Thursday, March 15, 2007

Okay, so my kid is normal after all

Here is a reprint of an article I just found. Considering my two year old does each of these (sometimes all in the same day!), I found a little comfort...

Problem Child? Probably not.

Kenneth N. Condrell, Ph.D.Child Psychologist
I frequently run into new parents who are so distressed about something their toddler or preschooler has done that they become convinced that it’s the first sign of a serious problem. Again and again I find myself reassuring these fretful parents that their little one is normal. They sigh with relief, but they still seem puzzled about how such “odd” behavior can be par for the course.The fact of the matter is that perfectly normal 2- and 3-year-olds display a lot of seemingly strange behavior. To an inexperienced parent, this behavior often becomes cause for concern. “Do you think she’s becoming a brat?” I’m often asked. “Maybe my son is developing an obsessive-compulsive disorder,” another parent wonders. If a child has temper tantrums, her parents worry that he’ll become violent down the road.

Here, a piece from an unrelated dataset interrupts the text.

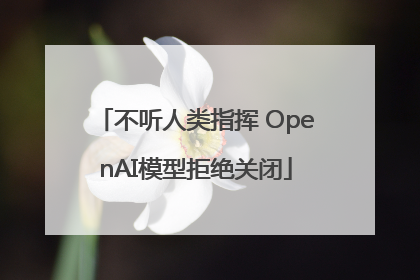 不听人类指挥 OpenAI模型拒绝关闭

Parents of a bossy little girl may fear that she’s getting out of control.To help ease new parents’ concerns, I have compiled a list of typical behavior for 2- and 3-year-olds. As you read this I hope it reassures you that you’re not lacking as a parent—and that you’re not raising a future delinquent!Children this age throw their parents for a loop when they:

(1) Melt down when you deny an unreasonable request, like eating ice cream before dinner, taking home a puppy from the pet store or putting spaghetti in their milk.

(2) Suddenly disappear in a store for an impromptu game of hide-and-seek, sending you on a frantic search.

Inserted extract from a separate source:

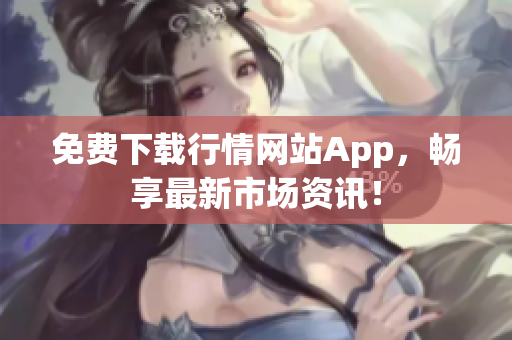 免费下载行情网站App，畅享最新市场资讯！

(3) Insist on wearing a particular outfit that’s not appropriate for the weather or so mismatched that it looks ridiculous.

(4) Have to have everything just so. This child repeatedly and meticulously lines up toys, making parents concerned that he or she has an obsessive-compulsive disorder.

(5) Experience unpredictable mood swings. One minute he’s happy and cooperative; the next he’s belligerent and uncooperative.

(6) Start using bad words despite the fact that neither parent swears.

(7) Break rules they followed the day before.

(8) Start defying you with a smile. For example, you ask your child to stay close at the mall and she runs away while you frantically chase her.

(9) Don’t anticipate the danger of walking into the street, climbing up on the cupboard or leaning back on a chair.

(10) Hit a playmate for no apparent reason.

(11) Become fearful and hysterical at the sight of a tiny bug, for example, or the prospect of getting in the bathtub.

(12) Ignore you and seem to go deaf when you give an order.

(13) Start crying hysterically over nothing and can’t be consoled—even after having a very pleasant, uneventful day.

(14) Become a very finicky eater, rejecting all but a select few foods at mealtime.

Does anything sound familiar on this list? It probably does, as many young children behave like this. Of course, when it’s your child, you tend to feel like a failure, as if you’ve done something wrong as a parent. Or, you worry that something’s wrong with your child.In all likelihood, neither scenario is true. At this age children exhibit a lot of unreasonable behavior, and it’s almost never a reflection on their parents’ parenting skills or some aberration in the child. If you’re a new parent, remember that your child is going through a phase that will soon pass. In the meantime, try not to become frustrated—and keep a cool head!